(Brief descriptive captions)

###

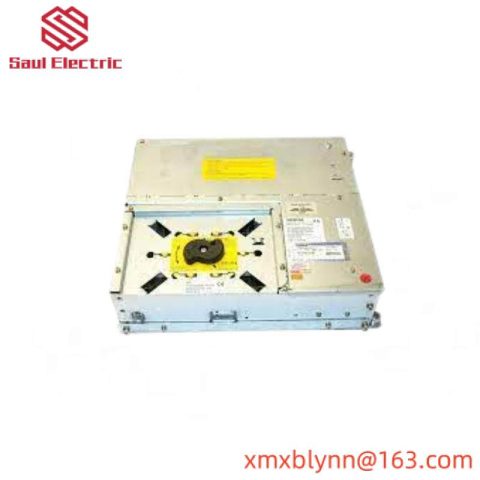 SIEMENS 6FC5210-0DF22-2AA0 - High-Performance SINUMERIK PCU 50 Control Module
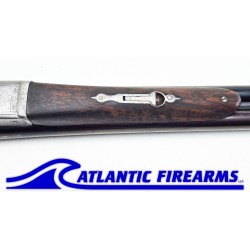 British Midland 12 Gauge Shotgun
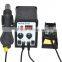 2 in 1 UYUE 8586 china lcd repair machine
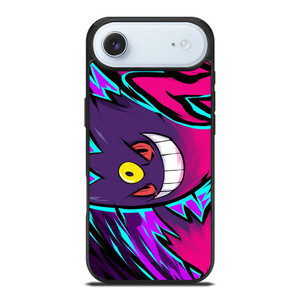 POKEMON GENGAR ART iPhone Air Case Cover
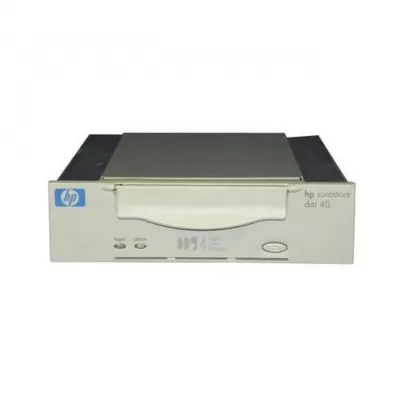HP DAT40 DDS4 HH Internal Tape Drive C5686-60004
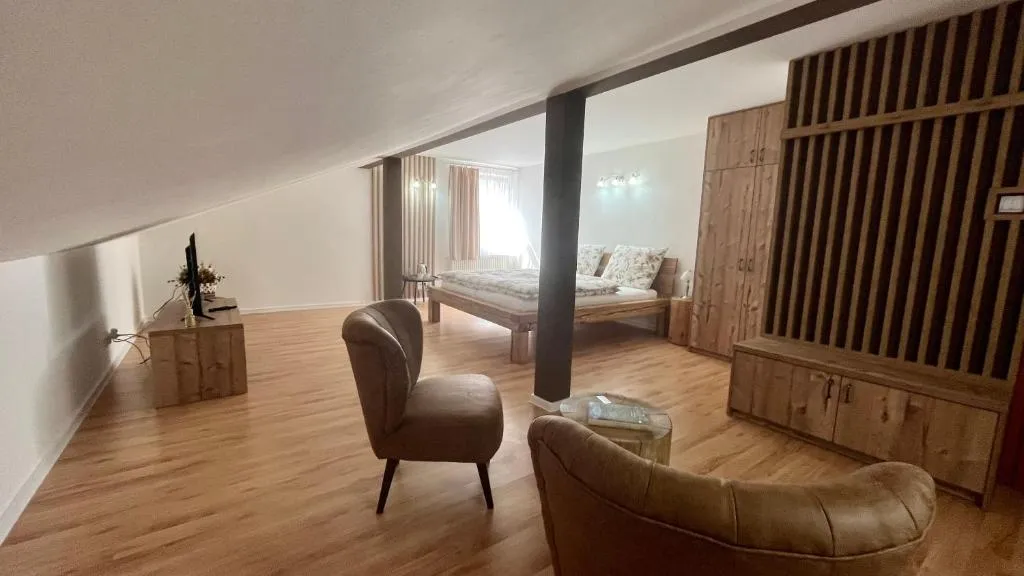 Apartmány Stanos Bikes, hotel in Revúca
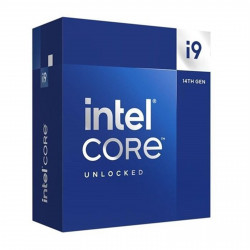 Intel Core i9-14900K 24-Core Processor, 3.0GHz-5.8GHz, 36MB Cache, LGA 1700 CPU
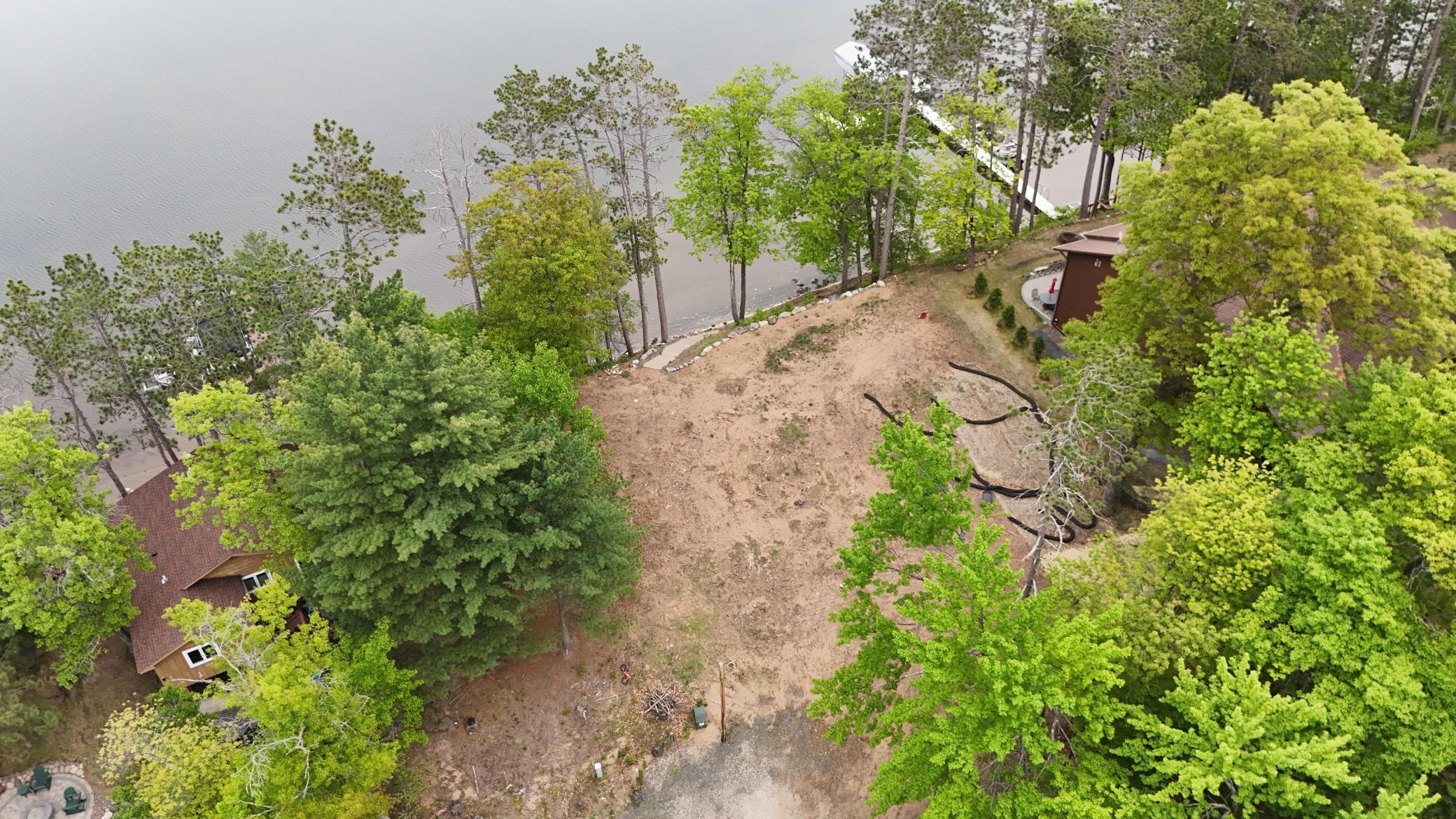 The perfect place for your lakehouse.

###

Task objective → Take the line containing "Intel Core i9-14900K" as the first line and the last line of the data above as the final one, and output exactly the lines between them, inclusive, with no pictures.

Exercise response →
 Intel Core i9-14900K 24-Core Processor, 3.0GHz-5.8GHz, 36MB Cache, LGA 1700 CPU
 The perfect place for your lakehouse.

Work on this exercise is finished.